Kabul/Wien/Berlin. Deutschland und die Niederlande schieben vorerst keine Menschen mehr nach Afghanistan ab. "Der Bundesinnenminister hat aufgrund der aktuellen Entwicklungen der Sicherheitslage entschieden, Abschiebungen nach Afghanistan zunächst auszusetzen", sagte ein Sprecher des deutschen Innenministeriums am Mittwoch der Deutschen Presse-Agentur in Berlin. Die beiden Länder hatten noch unlängst gemeinsam mit Österreich eine Fortsetzung der Abschiebungen verlangt.

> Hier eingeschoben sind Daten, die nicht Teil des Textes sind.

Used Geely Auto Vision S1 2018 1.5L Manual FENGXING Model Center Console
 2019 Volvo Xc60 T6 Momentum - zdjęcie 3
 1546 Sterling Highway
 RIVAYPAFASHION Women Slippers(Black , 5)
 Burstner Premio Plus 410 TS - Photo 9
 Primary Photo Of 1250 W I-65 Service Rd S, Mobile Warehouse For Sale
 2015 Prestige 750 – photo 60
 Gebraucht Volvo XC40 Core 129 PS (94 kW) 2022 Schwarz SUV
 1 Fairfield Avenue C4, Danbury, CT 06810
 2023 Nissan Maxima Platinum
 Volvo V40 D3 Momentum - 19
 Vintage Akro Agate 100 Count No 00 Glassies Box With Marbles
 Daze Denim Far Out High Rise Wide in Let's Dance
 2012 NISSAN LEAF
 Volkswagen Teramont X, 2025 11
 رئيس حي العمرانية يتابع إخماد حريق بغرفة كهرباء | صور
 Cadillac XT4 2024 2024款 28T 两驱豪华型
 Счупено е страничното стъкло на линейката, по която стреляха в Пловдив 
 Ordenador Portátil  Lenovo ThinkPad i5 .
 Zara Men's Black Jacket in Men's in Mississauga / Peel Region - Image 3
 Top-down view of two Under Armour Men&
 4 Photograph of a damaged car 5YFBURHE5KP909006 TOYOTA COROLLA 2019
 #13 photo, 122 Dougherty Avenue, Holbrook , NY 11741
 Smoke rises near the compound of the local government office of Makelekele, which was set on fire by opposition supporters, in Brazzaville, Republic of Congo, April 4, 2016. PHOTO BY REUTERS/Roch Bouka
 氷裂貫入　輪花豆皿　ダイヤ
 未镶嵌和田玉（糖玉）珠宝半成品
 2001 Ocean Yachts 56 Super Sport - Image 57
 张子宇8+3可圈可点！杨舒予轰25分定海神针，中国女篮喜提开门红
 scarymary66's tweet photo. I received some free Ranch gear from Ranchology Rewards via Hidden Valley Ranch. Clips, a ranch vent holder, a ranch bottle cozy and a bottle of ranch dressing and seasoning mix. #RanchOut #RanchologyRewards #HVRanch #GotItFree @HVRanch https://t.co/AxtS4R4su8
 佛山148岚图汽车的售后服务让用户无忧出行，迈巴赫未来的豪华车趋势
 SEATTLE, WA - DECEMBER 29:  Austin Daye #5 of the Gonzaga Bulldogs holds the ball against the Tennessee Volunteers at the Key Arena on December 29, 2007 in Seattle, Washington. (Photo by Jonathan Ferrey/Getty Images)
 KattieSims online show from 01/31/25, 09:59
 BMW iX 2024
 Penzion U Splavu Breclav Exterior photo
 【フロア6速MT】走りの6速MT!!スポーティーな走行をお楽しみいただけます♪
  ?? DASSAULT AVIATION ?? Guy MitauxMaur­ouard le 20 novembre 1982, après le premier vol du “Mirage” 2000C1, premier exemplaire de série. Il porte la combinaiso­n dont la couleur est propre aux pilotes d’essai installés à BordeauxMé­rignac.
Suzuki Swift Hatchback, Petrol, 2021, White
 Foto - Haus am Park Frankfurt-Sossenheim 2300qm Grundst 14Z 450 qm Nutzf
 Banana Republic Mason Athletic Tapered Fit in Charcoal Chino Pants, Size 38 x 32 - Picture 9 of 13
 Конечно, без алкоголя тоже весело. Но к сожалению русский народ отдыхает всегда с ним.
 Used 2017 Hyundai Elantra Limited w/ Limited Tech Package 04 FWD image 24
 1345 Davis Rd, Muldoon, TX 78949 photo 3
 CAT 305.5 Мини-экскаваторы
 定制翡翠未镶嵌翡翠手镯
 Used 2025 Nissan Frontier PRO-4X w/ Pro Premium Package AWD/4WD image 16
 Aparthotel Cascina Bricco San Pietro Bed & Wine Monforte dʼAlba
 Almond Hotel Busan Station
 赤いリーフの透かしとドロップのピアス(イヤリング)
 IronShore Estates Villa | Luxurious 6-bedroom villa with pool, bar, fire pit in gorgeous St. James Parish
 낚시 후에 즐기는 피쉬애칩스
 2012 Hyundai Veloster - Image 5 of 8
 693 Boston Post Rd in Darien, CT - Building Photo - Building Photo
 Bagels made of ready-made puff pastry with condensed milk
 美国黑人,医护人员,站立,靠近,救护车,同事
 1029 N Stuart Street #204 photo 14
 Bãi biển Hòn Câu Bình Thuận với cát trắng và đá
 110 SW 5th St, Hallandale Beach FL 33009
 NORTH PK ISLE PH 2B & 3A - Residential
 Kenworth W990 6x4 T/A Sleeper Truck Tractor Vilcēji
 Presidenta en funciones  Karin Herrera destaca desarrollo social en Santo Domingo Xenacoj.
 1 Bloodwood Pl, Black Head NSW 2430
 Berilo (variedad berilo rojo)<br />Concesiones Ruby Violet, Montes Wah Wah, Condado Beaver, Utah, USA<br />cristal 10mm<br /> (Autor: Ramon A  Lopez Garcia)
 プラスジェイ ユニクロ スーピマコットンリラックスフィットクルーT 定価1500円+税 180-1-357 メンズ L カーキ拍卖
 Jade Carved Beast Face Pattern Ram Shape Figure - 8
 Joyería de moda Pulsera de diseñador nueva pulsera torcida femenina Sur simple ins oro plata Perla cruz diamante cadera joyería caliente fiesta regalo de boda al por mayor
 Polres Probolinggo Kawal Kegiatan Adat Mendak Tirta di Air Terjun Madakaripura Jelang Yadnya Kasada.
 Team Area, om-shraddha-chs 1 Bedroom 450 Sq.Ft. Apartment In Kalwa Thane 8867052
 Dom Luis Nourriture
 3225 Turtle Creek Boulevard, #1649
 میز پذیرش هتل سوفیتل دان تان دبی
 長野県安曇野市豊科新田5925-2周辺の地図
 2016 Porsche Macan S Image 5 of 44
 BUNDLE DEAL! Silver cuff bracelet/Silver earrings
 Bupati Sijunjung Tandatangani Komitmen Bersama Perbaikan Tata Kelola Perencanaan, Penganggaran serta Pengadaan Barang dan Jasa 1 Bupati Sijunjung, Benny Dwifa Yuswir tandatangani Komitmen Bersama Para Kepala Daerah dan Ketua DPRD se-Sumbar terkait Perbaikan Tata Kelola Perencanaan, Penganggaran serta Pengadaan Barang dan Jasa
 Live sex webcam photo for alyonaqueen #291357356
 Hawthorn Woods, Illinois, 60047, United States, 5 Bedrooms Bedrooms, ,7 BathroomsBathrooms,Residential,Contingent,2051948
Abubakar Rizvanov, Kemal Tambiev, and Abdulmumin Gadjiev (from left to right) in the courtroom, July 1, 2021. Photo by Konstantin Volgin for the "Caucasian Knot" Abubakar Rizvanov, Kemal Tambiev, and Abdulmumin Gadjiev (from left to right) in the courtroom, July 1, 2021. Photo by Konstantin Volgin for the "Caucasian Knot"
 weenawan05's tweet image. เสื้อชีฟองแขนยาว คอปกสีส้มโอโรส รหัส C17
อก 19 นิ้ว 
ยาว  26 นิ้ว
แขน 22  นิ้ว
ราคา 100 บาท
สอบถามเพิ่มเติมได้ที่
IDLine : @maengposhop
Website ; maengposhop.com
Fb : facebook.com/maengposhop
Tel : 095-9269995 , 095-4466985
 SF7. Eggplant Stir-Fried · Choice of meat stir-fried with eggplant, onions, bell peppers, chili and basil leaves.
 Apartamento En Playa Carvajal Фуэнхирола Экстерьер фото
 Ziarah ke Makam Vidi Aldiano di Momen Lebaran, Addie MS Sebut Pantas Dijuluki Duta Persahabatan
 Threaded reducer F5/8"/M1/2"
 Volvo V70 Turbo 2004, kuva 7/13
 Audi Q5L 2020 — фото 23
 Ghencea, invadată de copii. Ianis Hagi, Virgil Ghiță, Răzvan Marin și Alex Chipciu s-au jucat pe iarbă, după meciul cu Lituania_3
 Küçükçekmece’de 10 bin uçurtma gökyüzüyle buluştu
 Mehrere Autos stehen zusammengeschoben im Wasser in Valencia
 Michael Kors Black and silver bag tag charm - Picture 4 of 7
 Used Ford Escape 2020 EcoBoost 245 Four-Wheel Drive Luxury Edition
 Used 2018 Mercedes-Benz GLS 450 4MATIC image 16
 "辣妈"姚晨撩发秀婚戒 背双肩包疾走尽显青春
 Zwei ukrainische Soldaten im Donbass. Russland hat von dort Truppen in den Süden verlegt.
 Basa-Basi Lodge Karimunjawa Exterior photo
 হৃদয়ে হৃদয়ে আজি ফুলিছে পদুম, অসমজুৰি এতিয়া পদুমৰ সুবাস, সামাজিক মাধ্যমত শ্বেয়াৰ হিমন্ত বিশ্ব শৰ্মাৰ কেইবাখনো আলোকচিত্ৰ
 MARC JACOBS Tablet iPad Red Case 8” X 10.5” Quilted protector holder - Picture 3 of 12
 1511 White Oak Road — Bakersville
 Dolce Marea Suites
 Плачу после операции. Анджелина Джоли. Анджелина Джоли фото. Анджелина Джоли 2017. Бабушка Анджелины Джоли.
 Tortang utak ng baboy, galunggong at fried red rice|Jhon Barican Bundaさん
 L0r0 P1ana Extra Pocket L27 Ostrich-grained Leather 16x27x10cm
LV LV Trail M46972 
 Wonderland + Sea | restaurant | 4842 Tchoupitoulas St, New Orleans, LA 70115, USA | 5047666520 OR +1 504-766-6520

Österreich bleibt hingegen dabei. "Jeder Staat entscheidet hier für sich. Österreich hält an seinen Planungen für Rückführungen nach wie vor fest", teilte ein Sprecher des Innenministeriums nach den Ankündigungen Deutschlands und der Niederlande mit. Die Lage in Afghanistan werde gemeinsam mit dem Außenministerium laufend beobachtet und beurteilt. "Gleichzeitig steht Österreich bereit, Afghanistan im Rahmen konkreter Hilfsersuchen zu unterstützen, um seinen internationalen Verpflichtungen nachkommen zu können", so der Sprecher weiter.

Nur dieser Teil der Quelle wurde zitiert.